Wexford’s thoughts reverted to the night before. There was a question he ought to have asked, that he had simply overlooked at the time, because of the crushing disappointment he had felt at the paucity of Edith Sessamy’s information. Disappointment had made him fail to select from that mass of useless matter the one significant sentence. He recalled it now, picking it out as the expert might pick out the uncut diamond from a handful of gravel.
Two hours later, as early as he decently could, he was waiting in the motel’s reception area by the counter. Ringing the bell summoned Tom Sessamy in shortie dressing gown which left exposed hairless white legs and long white feet in sandals of plaited straw.

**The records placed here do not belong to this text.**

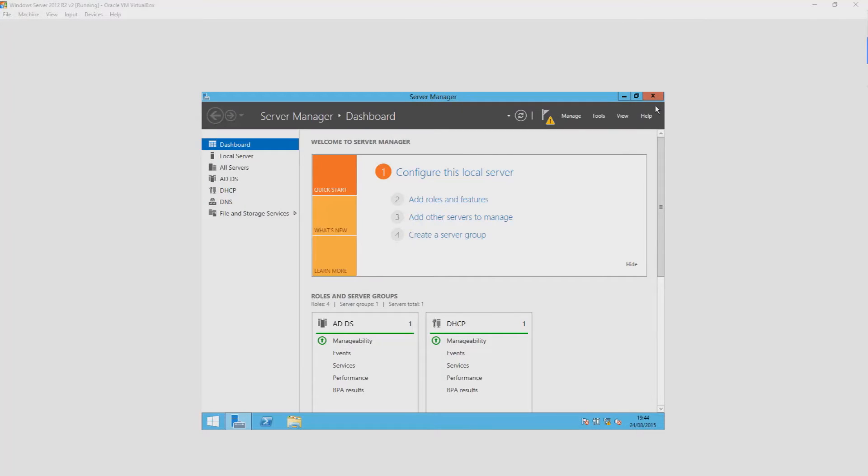Hey, this is Adam from Ads Productions and welcome to my video about the basics of Active Directory on Windows Server 2012 R2.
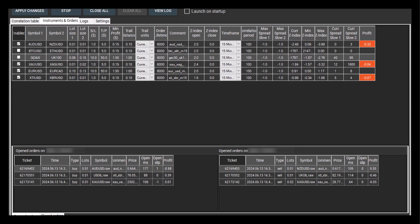In the bottom window, you can see that the program has opened trades for three pairs: AUD-USD vs. NZD-USD, US Oil vs. Brent Oil, and XAU-USD vs. XAG-USD.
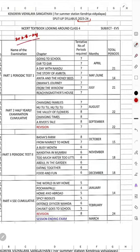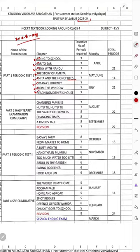First of all, we have to come to PT-1. The chapters going to be covered in PT-1 are: A Day with Nandu, The Story of Amrita, Anita and the Honeybees, Omana's Journey from the Window, and Reaching Ragnarinder's House. These all chapters will come in PT-1.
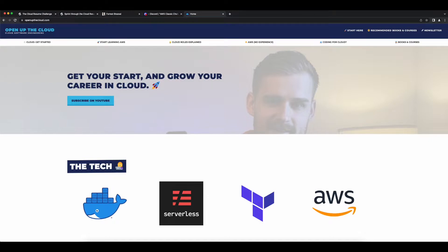I also want to send a shout out to Lou over at Open Up The Cloud. His site and related YouTube channel provide a wealth of information on the cloud industry. I'll put a link to his site in the description below, and I highly recommend you jump on over there and check him out.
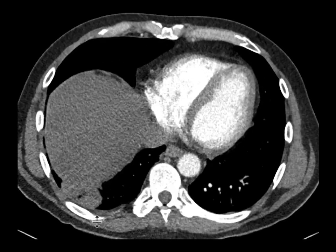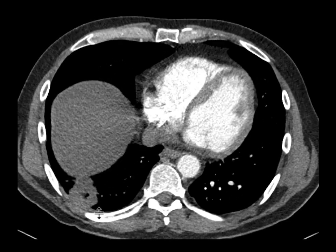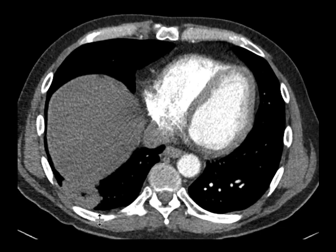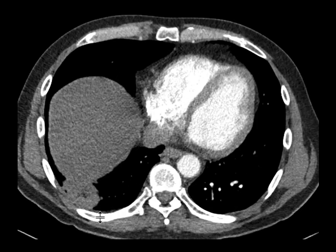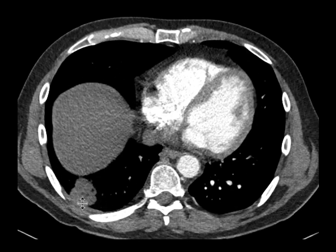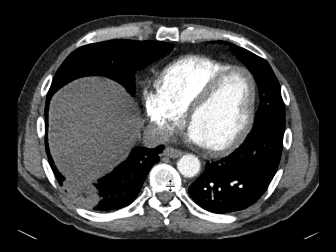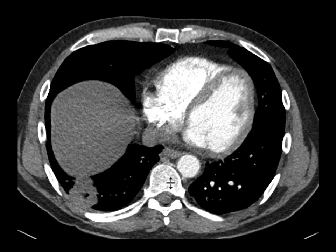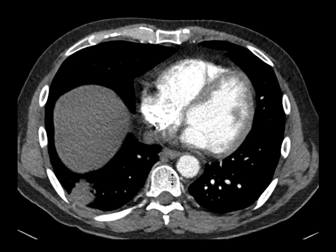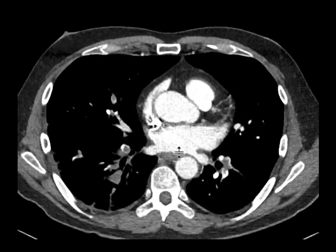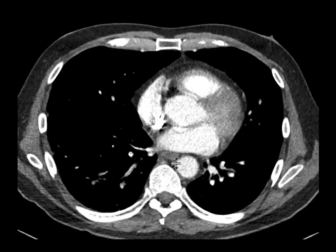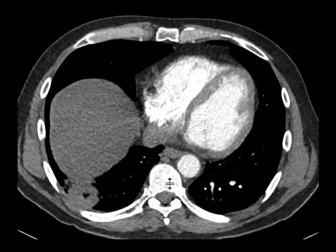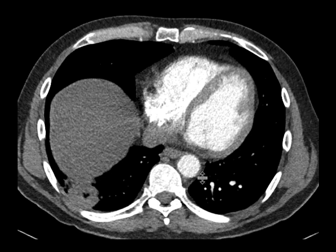We see pulmonary emboli from time to time — it's not an uncommon diagnosis — but this finding here is compatible with an infarct, something which we don't quite see that often associated with PE. In this instance, we see a nice example of a pulmonary infarct.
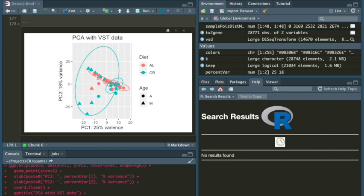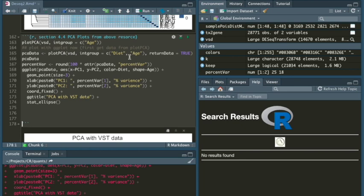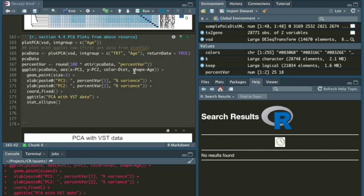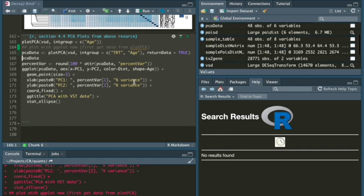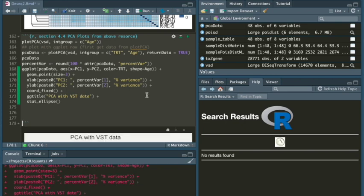The aged ad lib and the aged calorie-restricted tend to look like they're within each other. So it doesn't look like much of a difference, as well as the mature ad lib and the mature calorie-restricted. They are both circles within each other. I don't see much distinction between any of these, honestly. Maybe between the mature ad lib, which is this red one, and the aged calorie-restricted. That might be a difference, but I'm not sure. So we can play around with this a little more. Let's change it to age and treatment.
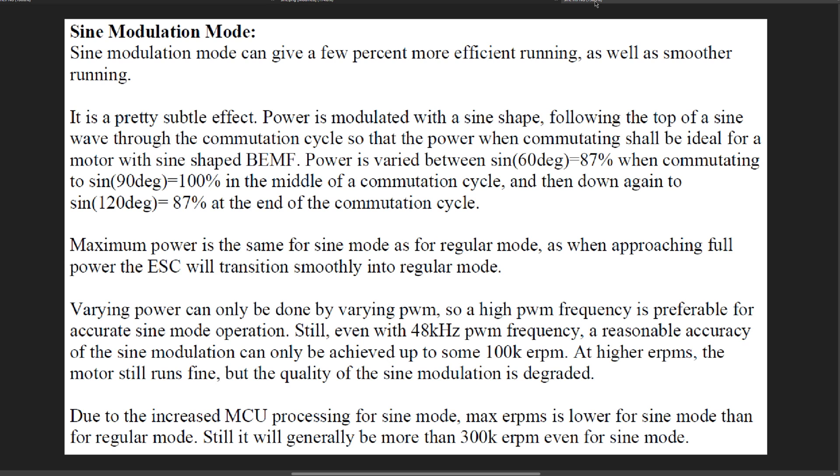Maximum power is still the same for sine mode as for regular mode. As when approaching full power the ESC will transition smoothly into regular mode.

‘Hi, Reg, you wanna check out?’
‘I wanted to ask you and your wife a few more questions first if you’ll bear with me.’
‘Edie, are ya decent? Reg’s here ta pick your brains.’
Mrs Sessamy was rather more decent than her husband in an all-enveloping pink kimono printed with birds of paradise. She sat on the white sofa drinking more strong black tea, and on her lap on a tray were fried eggs and fried bacon and hash browns and English muffins and grape jelly.
‘It’s been such a pleasure meeting you and Dora, I can’t tell you.’ She had told him at least six times already, but the repetition was somehow warming and pleasant to hear. Wexford returned the compliment with a few words about how muchthey had enjoyed themselves.
‘You wanna cup of Edie’s tea?’ said Tom.
Wexford accepted. ‘You said last night a woman was drowned here. While you were away. D’you know any more than that? Who she was? How it happened?’